Brewers add a lot of things to beer besides barley, hops, and yeast—fruit, spices, nuts, and even weirder things, such as peppers, carrots
, stag semen
, and even fish bladders
. And while fish bladders, more accurately isinglass, don’t add flavor, some breweries have used another fishy product that does: squid ink.
Go to most any Italian restaurant and you’ll find squid ink pasta on the menu; the ink from cuttlefish adds a delicate brininess and a dark sable color. Some breweries have adopted the practice for their beers. Marin Brewing Co.

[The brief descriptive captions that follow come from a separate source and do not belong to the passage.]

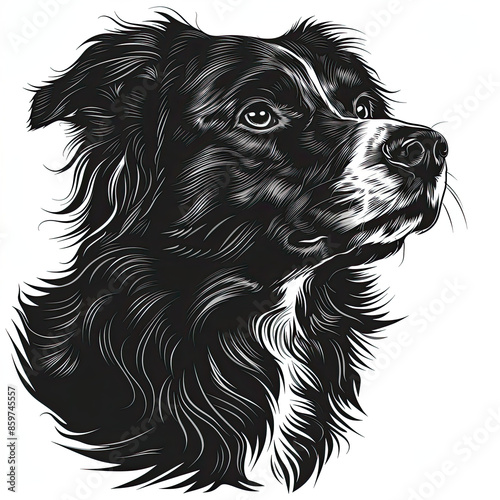 Wallpaper Mural A black and white drawing of a Australian Shepherd dog Torontodigital.ca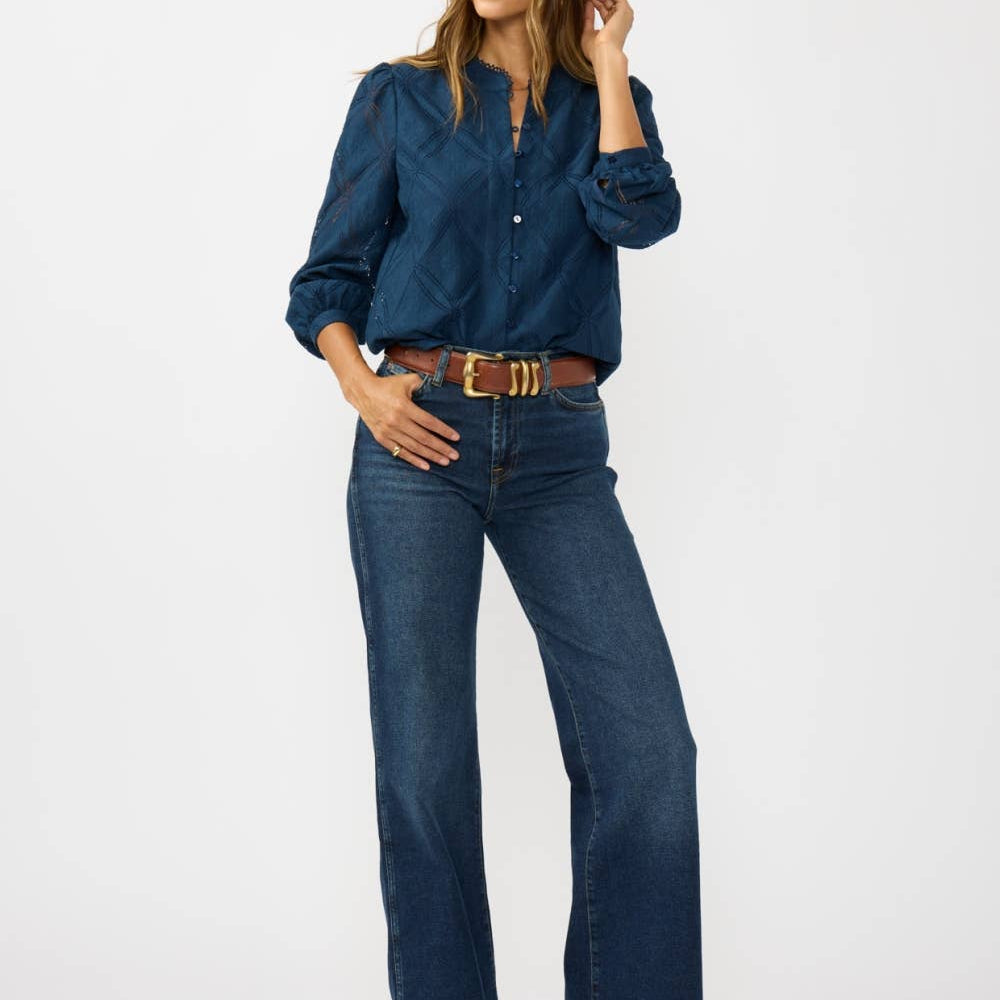 
                      
                        Lace Button Blouse - Navy
                      
                    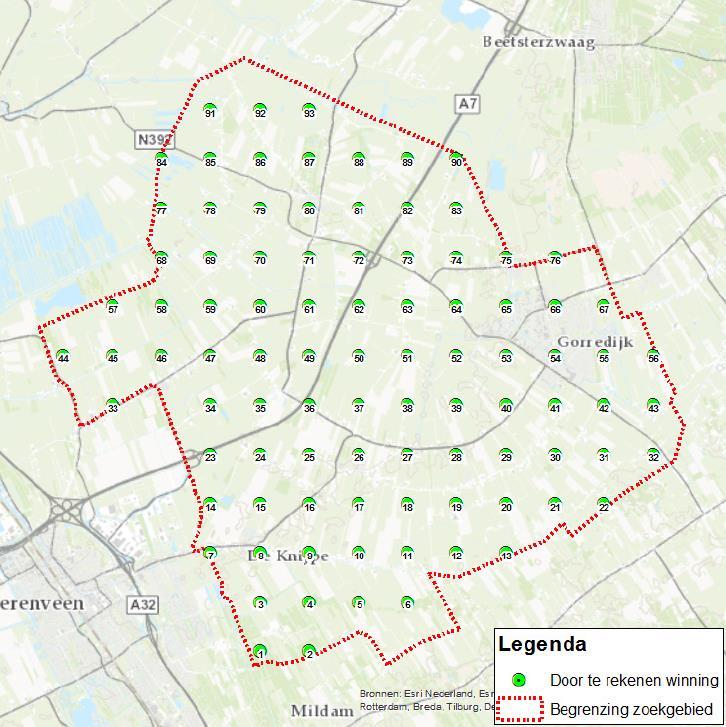 Zoekgebied oriënterend doorgerekend en geanalyseerd Bureaustudie: berekeningen op 93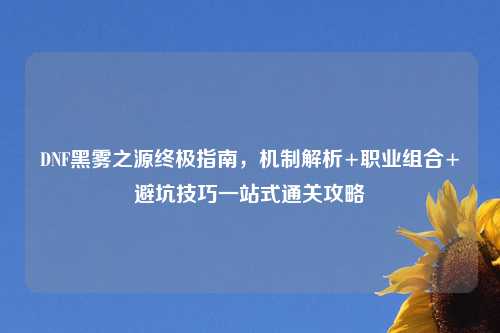 DNF黑雾之源终极指南，机制解析+职业组合+避坑技巧一站式通关攻略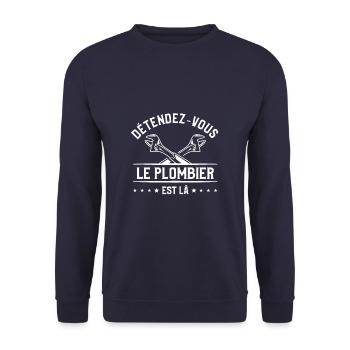 Détendez-Vous Le Plombier Est Là Plomberie - Sweat-shirt Unisexe - marine - Devant - Alina (178cm) & Michal (187cm)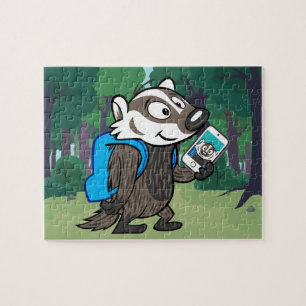 Bäverskinn Selfie för Boomer för Ricky Raccoon Pussel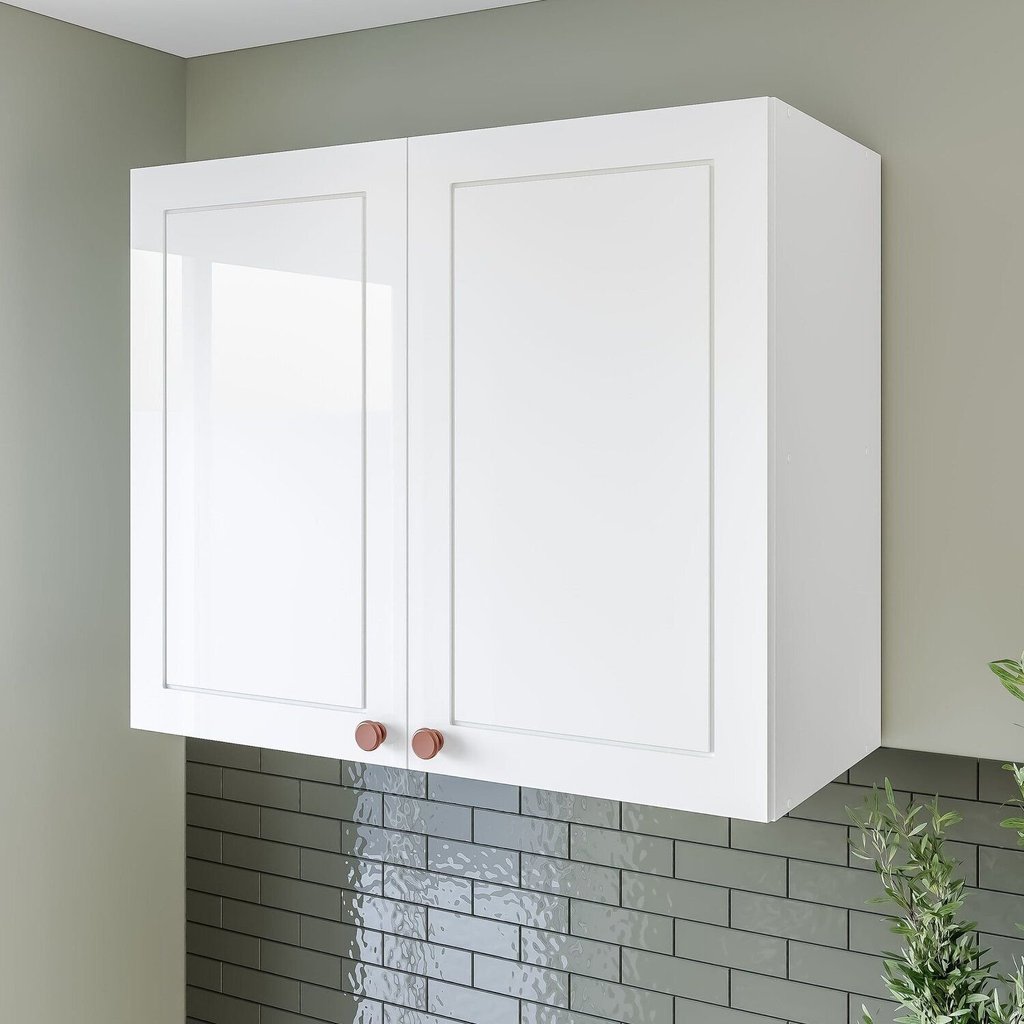 Armário Aéreo 2 Portas 80 cm Pérola Yescasa Branco Branco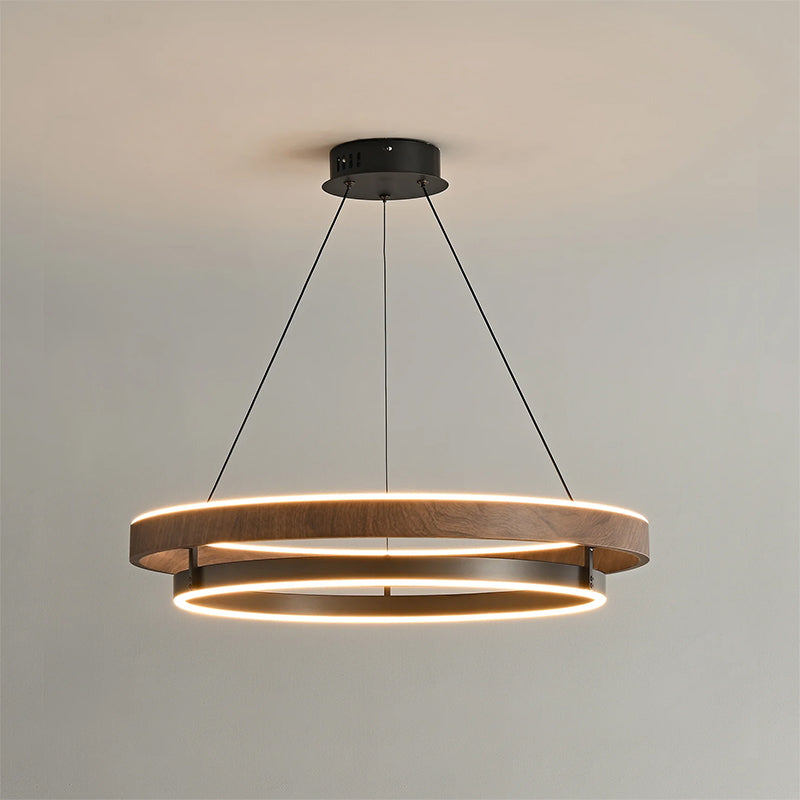 Chandelier Metal Double Ring 23.6 in LED Dining Room Modern Ceiling Light Fixture Adjustable Hanging | Thomler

, in Northern California, has partnered with Monkey Paw Brewing
from San Diego to make a gose (a sour German beer) with squid ink
. While gose is traditionally made with saline water, adding salty finish to balance out the sour and brightness of the beer, Marin has substituted it with the similarly briny squid ink. The result is a dark black beer with a white head, and a subtle fishy aroma, but no strong fish flavor.
Other breweries, including 3 Sheeps Brewing Co.
, have used squid ink to make a black IPA. Both breweries have found that, while the beer might be well received from those who drink it, it’s still a tough sell for anyone who has yet to try it. It might not be the future of brewing, but it’s still an interesting trend for a bold drinker to try.